Conventional prior art processes for froth flotation separation of a slurry or pulp of particulate matter typically include those processes based on constructions wherein air is introduced into the liquid slurry or pulp of the particulate matter as, e.g., through a porous cell bottom or a hollow impeller shaft, thereby producing a surface froth.

Improved methods and apparatus for carrying out froth flotation separation of coal and other minerals are disclosed in U.S. Pat. No. 4,347,126 and U.S. Pat. No. 4,347,127. These patents disclose a flotation apparatus wherein a primary feed spray nozzle is positioned above the flotation tank for spraying input slurry, such as particulate coal or mineral ore, into the tank and a recycle spray nozzle is positioned above the tank for respraying particulate matter collected in a collection trough positioned in the tank for collecting sinking material. In this apparatus, the particles collected in the trough are recycled and a portion of the recycled particulates float as a froth on the water surface an additional time and are recovered. In the apparatus of U.S. Pat. No. 4,347,127, the recycled spray nozzle is positioned in proximity to the primary feed spray nozzle and a vertical baffle plate is positioned in the tank to provide separation for materials sinking from the sprays of the respective nozzles.

While the apparatus of U.S. Pat. No. 4,347,127 provides for good yields of beneficiated product, improvements in the apparatus are desired For example, the collection means for collecting sinking material, i.e., the collection trough, in said U.S. Pat. No. 4,347,127 has not proven to be an efficient means for collecting sinking materials for the purpose of recycling the same.
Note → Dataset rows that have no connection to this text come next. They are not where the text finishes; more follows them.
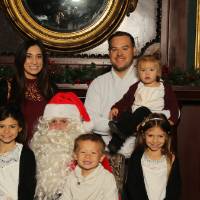 Family of six and Santa Claus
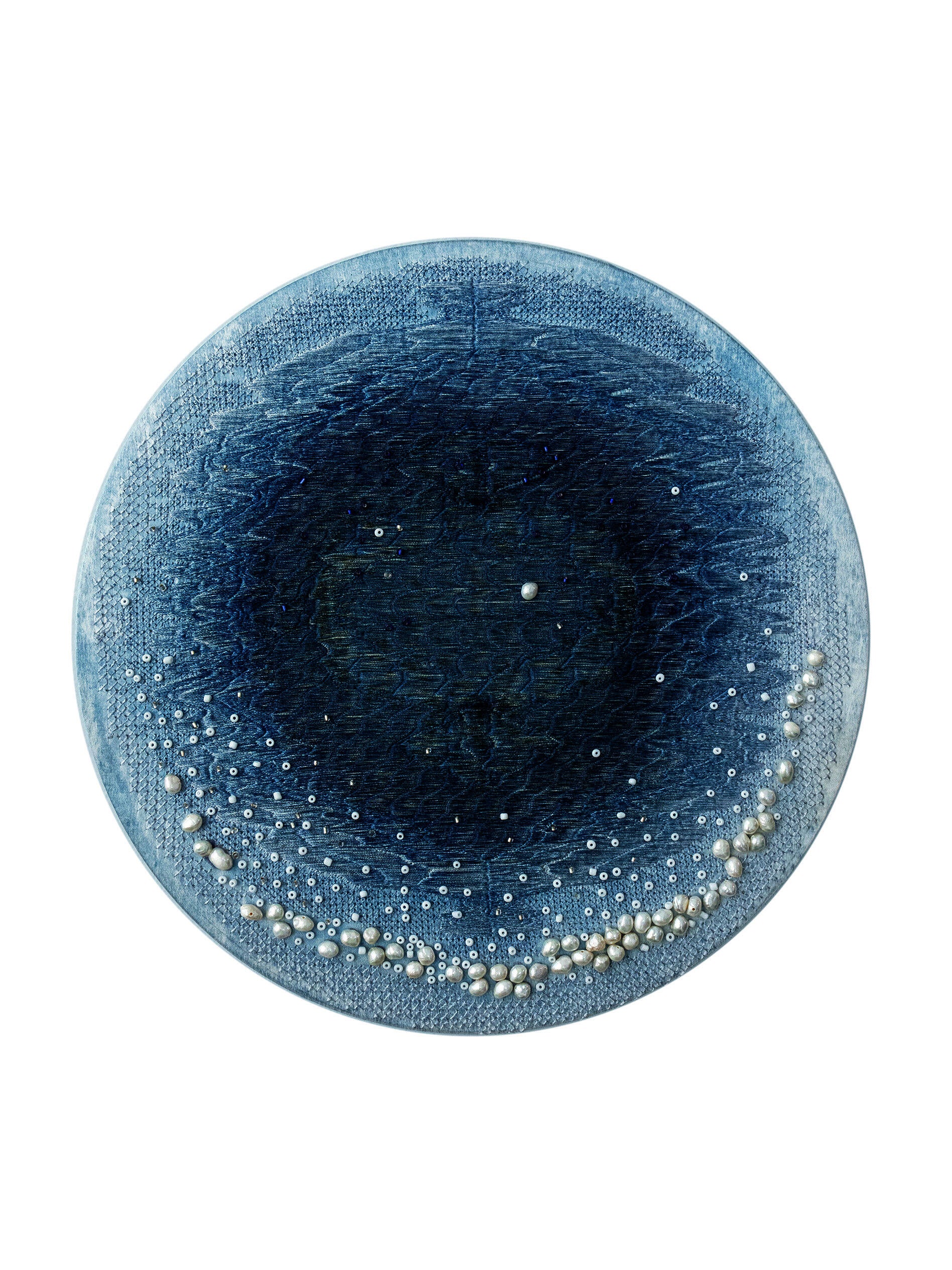 On a silk dyed light blue, I used embroidery and beadwork to create a pattern similar to the blue hole of the ocean.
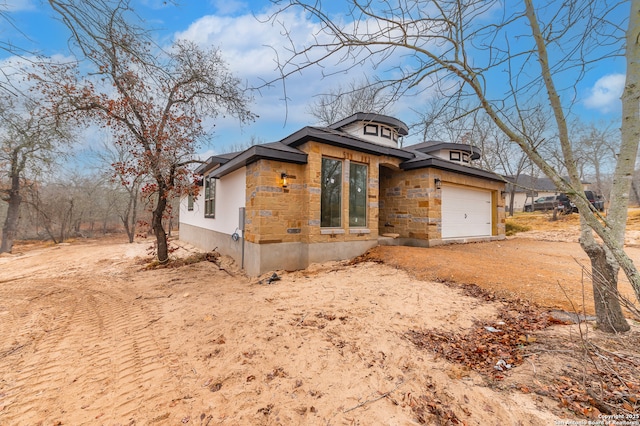 view of property exterior featuring a garage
Accordingly, much of the sinking material, which could be recycled to provide improved yields of product, is lost.

SUMMARY OF THE INVENTION

Accordingly, it is one object of the present invention to provide an improved apparatus and method for froth flotation separation of particulate matter such as minerals and carbonaceous matter.

Another object of this invention is to provide an apparatus and method for froth flotation separation of the components of a slurry, said apparatus and method having improved recycling capability, thereby providing for improved yields of product.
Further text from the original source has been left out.